Saul ‘Canelo’ Alvarez is interested in fighting Gennady Golovkin -- ‘eventually’
Saul “Canelo” Alvarez has plenty to occupy himself with as he trains for his Nov. 21 fight against World Boxing Council middleweight champion Miguel Cotto.
But after watching on television World Boxing Assn. and International Boxing Federation middleweight champion Gennady Gennadyevich Golovkin’s eighth-round technical-knockout title-unification victory over David Lemieux on Saturday at Madison Square Garden, he says a looming matchup between himself and Golovkin is intriguing.
“I’m a big boxing fan, I saw [Golovkin’s victory],” Alvarez told the Los Angeles Times on Thursday through a Spanish translator. “It’s a fight that could happen. I’ve built a reputation for myself that I don’t run from anybody. I want to give the fans the best fights out there.
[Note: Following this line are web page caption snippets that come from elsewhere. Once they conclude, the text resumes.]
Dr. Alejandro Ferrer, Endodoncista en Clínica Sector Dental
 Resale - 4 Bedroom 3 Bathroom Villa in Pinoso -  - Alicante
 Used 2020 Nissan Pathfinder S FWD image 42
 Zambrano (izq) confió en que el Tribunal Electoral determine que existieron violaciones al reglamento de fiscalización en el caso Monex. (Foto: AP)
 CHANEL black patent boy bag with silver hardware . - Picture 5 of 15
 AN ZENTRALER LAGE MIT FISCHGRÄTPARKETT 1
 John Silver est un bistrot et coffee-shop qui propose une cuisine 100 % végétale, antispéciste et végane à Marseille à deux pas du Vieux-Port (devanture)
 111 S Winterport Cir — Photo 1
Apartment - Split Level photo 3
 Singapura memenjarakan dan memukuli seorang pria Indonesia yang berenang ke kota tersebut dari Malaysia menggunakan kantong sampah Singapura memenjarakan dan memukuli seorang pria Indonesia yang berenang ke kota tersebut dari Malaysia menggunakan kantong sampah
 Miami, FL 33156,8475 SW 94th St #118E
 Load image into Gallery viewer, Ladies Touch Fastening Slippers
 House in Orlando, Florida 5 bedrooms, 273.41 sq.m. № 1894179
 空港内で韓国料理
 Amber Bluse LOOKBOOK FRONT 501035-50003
I’ll see once it comes to that day if the opportunity arises.”
Should the 25-year-old Alvarez (45-1-1, 32 knockouts) wrest the WBC belt from Cotto (40-4, 33 KOs) in the HBO pay-per-view bout at Mandalay Bay in Las Vegas, that opportunity will be right in his face.
The WBC has stipulated that the Cotto-Alvarez winner has only 15 days to determine whether he will fight Golovkin.
If the winner doesn’t commit, Golovkin (34-0, 31 KOs) adds the WBC belt and would need only the World Boxing Organization title to stand as the division’s unified champion, which he has said is his goal.
Alvarez declined to commit, referencing the fact that he and Cotto are fighting for the 160-pound belt at a 155-pound catchweight.
“There’s no secret that me and Miguel are not 160-pounders. Our body structure is not there yet,” Alvarez said. “I would love to fight ‘GGG’ when the time and opportunity come, more than willing and able to ... when the time comes.”
Breaking the code of Alvarez’s position isn’t too difficult. Yes, he could fight at 160. Just this week, he weighed 167 pounds at the WBC’s 30-day weigh-in.
But Alvarez also has other options, including some Manny Pacquiao interest, and his co-trainer, Chepo Reynoso, noted Thursday that the 150,000 pay-per-view buys for Golovkin-Lemieux were low, considering that Alvarez engaged in a 2013 loss to Floyd Mayweather Jr. that generated more than 2.2 million buys.
In other words: With time, the Golovkin fight could be even bigger.
“Canelo is fighting Cotto because he wants that world title, but he’s a junior-middleweight, not a middleweight,” said Oscar De La Hoya, Alvarez’s promoter. “Plus, he’s a guy who doesn’t like to talk about future fights, especially with this job at hand.
“After Cotto, we can start talking about the others. As for ‘GGG,’ yes, eventually that fight’s going to happen.”
Tom Loeffler, Golovkin’s promoter, said the 150,000 buys were influenced by the sporting world’s fixation on Game 1 of the National League Championship Series between the New York Mets and Chicago Cubs, which generated strong television ratings.
“What I’m pleased by is that Gennady [$2 million], Lemieux [$1.5 million] and [co-main-event fighter] ‘Chocalotito’ [Gonzalez] each had their biggest pay days yet and we sold out the Garden for the first time since Cotto and [Felix] Trinidad have done that in their fights,” Loeffler said.
A scenario remains for Golovkin to fight for the WBO title in the spring against the Dec. 19 winner of Andy Lee and Billy Joe Saunders in England, and then meet Alvarez if he meets the expectation of being a 3/1 betting favorite and defeats Cotto.
“We have a lot of respect for Canelo,” Loeffler said. “He’s fighting for the WBC championship and that’s what Gennady wants. Even with the 150,000 buys, Gennady is the most popular and lucrative opponent that either of them can face.
“If Canelo figures he’s a true 154-pounder, that’s OK. He gets stripped, Gennady becomes the automatic champion and it’s another step to unify the division.”